The issue of collating and pattern matching needs to be addressed when
Mumps exists in an environment which is anything other than 7 bit ASCII.

The most extreme example is EBCDIC.  While it will be useful to have a
7 bit ASCII emulation mode on an EBCDIC machine, there is also a need
to operate Mumps in the native characterset.

I would like to see the requirements for pattern match codes, $C()/$A()
mapping, and collating sequence tailored to fit the environment, in order
to provide implementors and users as much latitude as possible.

This can best be done by specifying the behavior of pattern match codes,
$C()/$A(), and collating sequences on a per-character-set basis, as well
as an overall, general specification.

Two other languages have already done this very thing: MAINSAIL and C.
MAINSAIL (MAchine INdependent Stanford Artificial Intelligence Language)
has this to say:

  2.2 CHARACTER SET

  MAINSAIL does not specify the exact character set; instead, only the
  following is guaranteed:

  1)	A unique character corresponds to each of the following characters:

	ABCDEFGHIJKLMNOPQRSTUVWXYZ
	abcdefghijklmnopqrstuvwxyz
	0123456789
	! " # $ & ' ( ) * + , - . / : ; < = > ? [ ] ^ (uparrow) _ (backarrow)
	space (blank)
	tab (horizontal tab)
	eol (end-of-line: one or two characters)
	eop (end-of-page)

	Of course MAINSAIL cannot guarantee the graphics associated
	with each character, but they should be chosen to approximate
	those above, which are from the (1963) ASCII character set.
	The graphics for the "^" (uparrow) and "_" (backarrow) characters
	were changed in the 1968 ASCII standard to be circumflex and underline,
	respectively.  MAINSAIL allows "**" to be used in place of "^"
	(the exponentiation operator), and ":=" in place of "_" (the
	assignment operator).

  2)	Associated with each character is an integer code.  THese
	character codes range from 0 to n, where n is at least 127.

  3)	A...Z are alphabetically ordered, but not necessarily contiguous.

  4)	a...z are alphabetically ordered, but not necessarily contiguous.

  5)	0...9 are numerically ordered and contiguous.

Aside from functions which test for uppercase/lowercase/alpha characters,
MAINSAIL also supplies prevAlpha(i) and nextAlpha(i), which do the obvious
things when given b...zB...Z and a...yA...Y, respectively.

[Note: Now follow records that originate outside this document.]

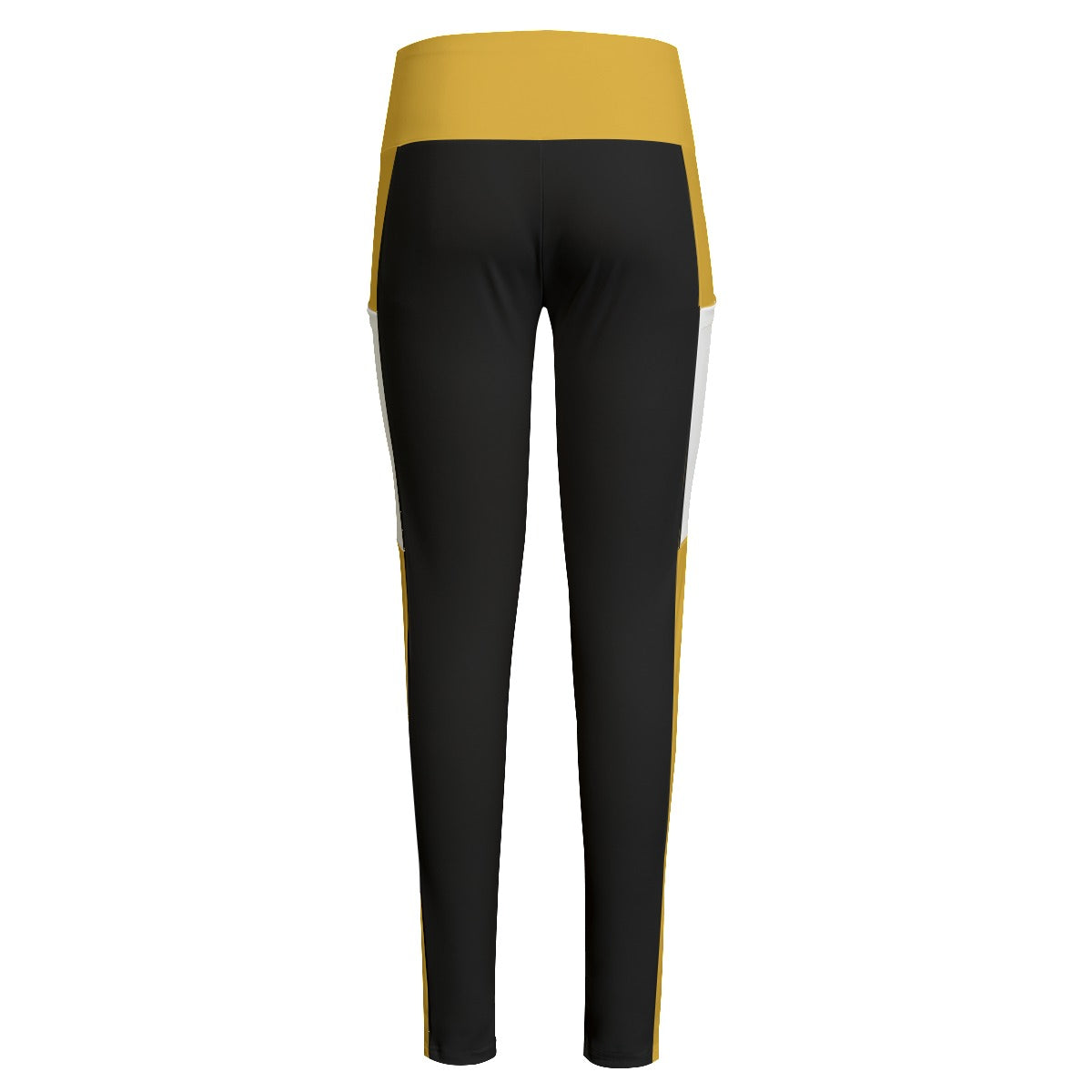 Fancy Waist Leggings With Side Pocket- Charcoal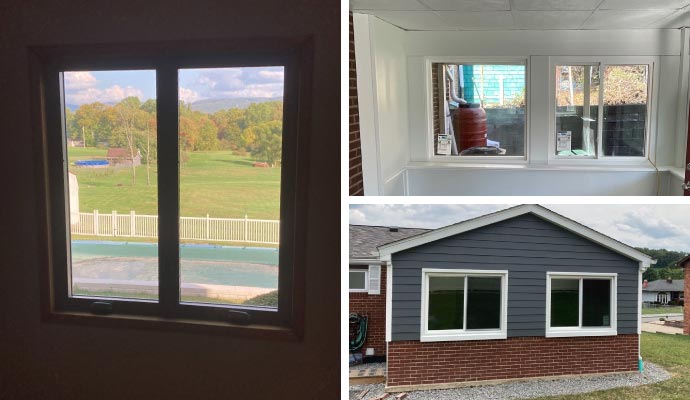 collage-of-living-room-kitchen-and-bed-room-with-slider-window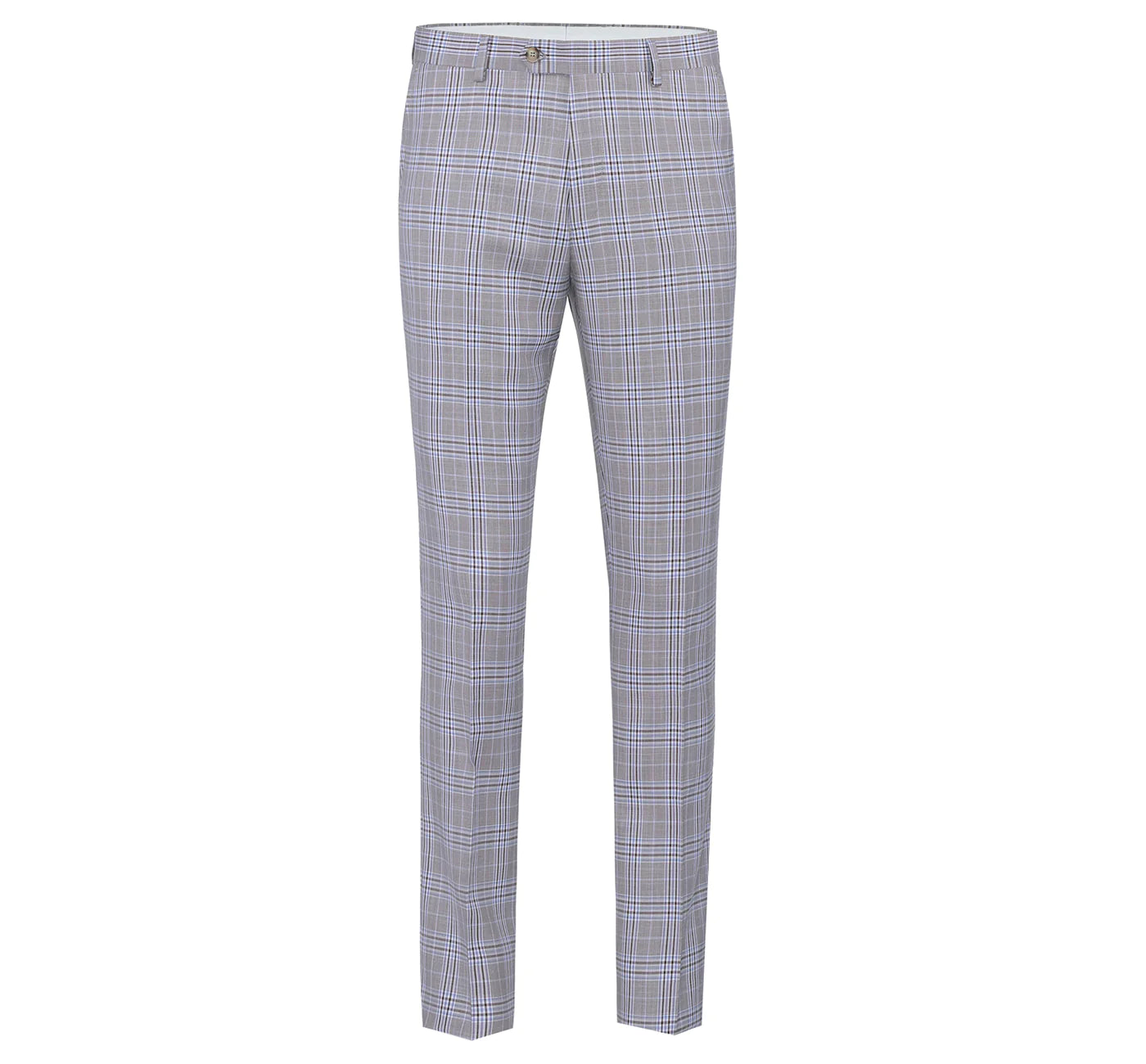 Gray Check Suit - Slim Fit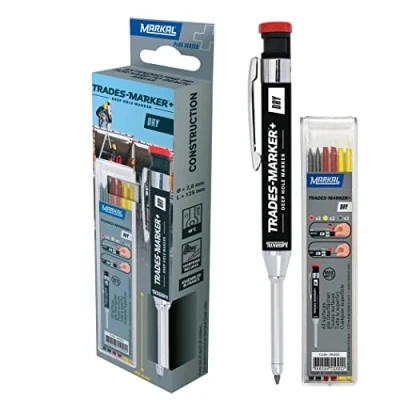 Afbeelding van Markal Grafiet vulpotlood Dry Starter Pack met houder en 6 stiften.
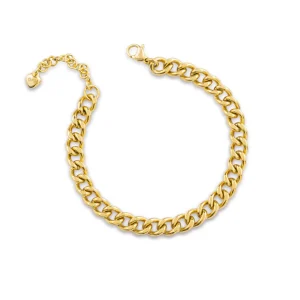 Outlet ROCK AFFAIR bracciale maglia groumette – medium Bracciali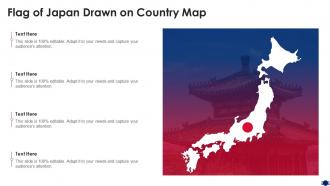 Flag Of Japan Drawn On Country Map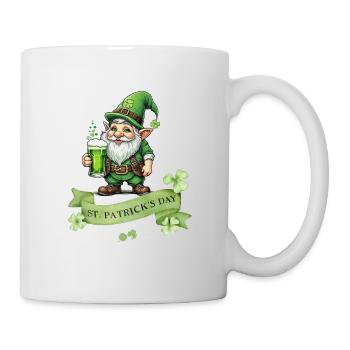 St. Patrick's Day Leprechaun I Green Beer I - Mug - white - Right
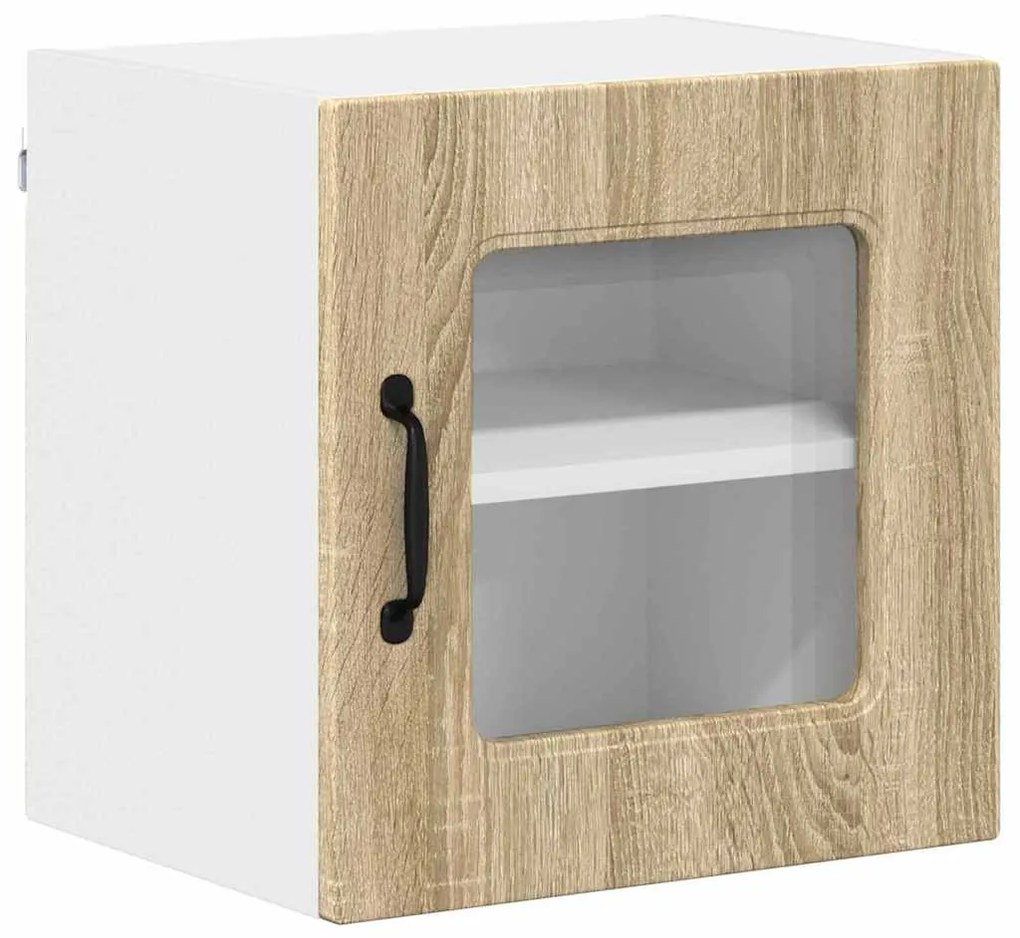 vidaXL Κρεμαστό ντουλάπι κουζίνας 2 pcs Δρύς Sonoma 40 x 31 x 40 εκ.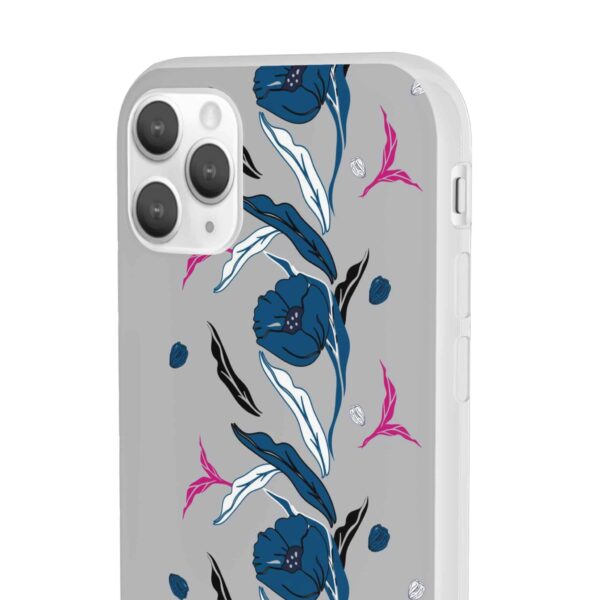 Rainbow Designs Blue Poppies On Flexi Cases Custom Phone Cases For iPhone and Samsung Series - Image 60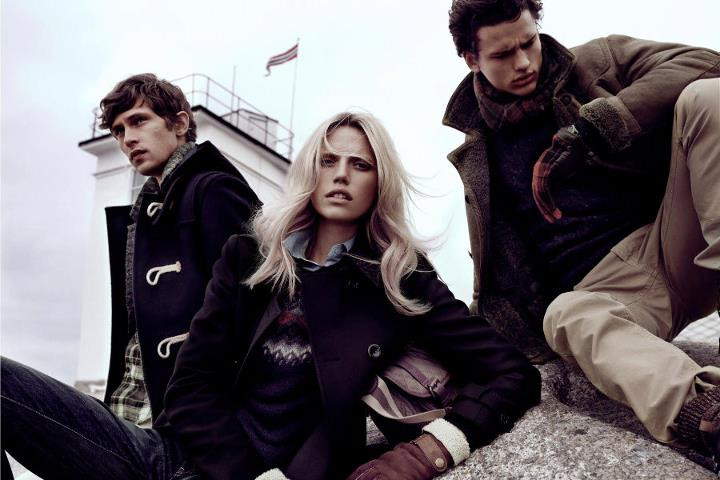Cato van Ee featured in  the Massimo Dutti Sport advertisement for Fall 2011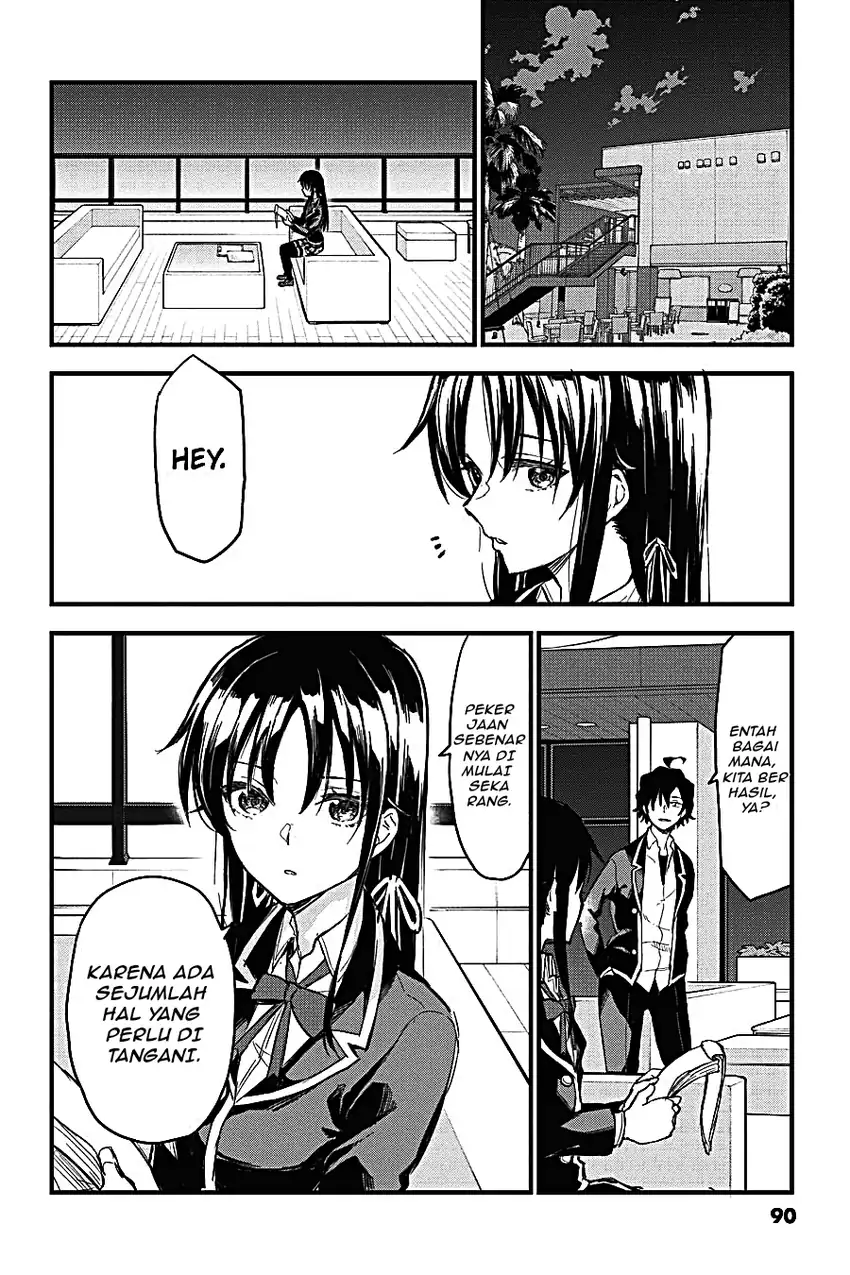 Yahari Ore no Seishun Love Come wa Machigatteiru @comic Chapter 116 Gambar 26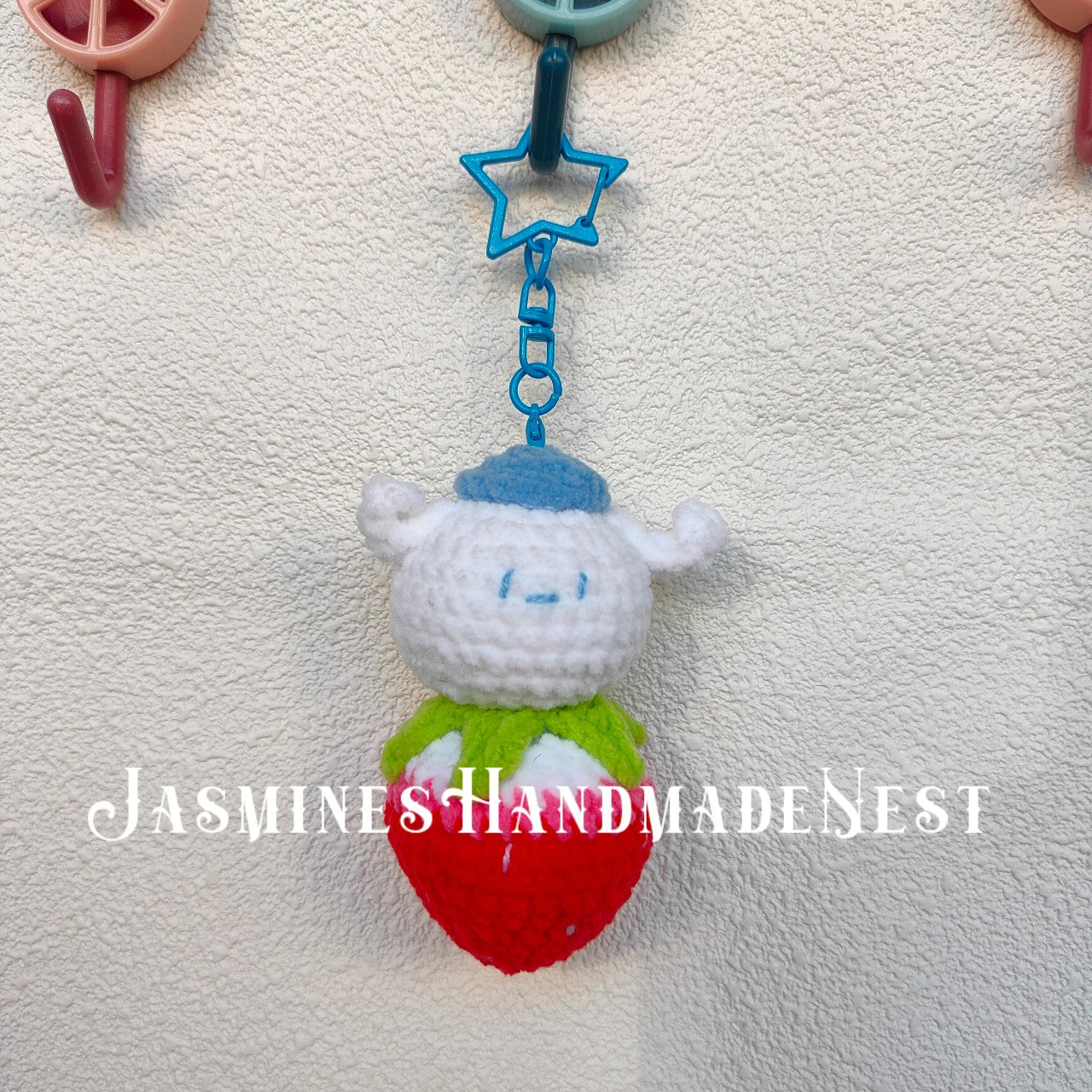 Handmade Crochet Strawberry Animal – Cute Amigurumi Plush, Mini Fruit Toy, Soft Collectible Gift for Kids & Adults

The proposed C Standard (Ansi X3J11/85-008) says:

	The following characters are required in the source character set:
	the 52 upper-case and lower-case characters of the English alphabet;
	the 10 decimal digits; the following 29 graphic characters:
	    !"#%&'()*+,-./:;<=>?[\]^_{|}~
	the space character, and control characters representing horizontal
	tab, vertical tab, and form feed.

Functions exist to test if a given character is Alpha, Numeric, Control,
Printable, Punctuation (any printing character except SPACE, digit, or
letter), and several combinations of these types.  I was unable to find
any information regarding either ordering or relative positioning of
characters.

Let's "open the doors" in the Standard to include IBM and non-English
languages in a way which maximizes usability.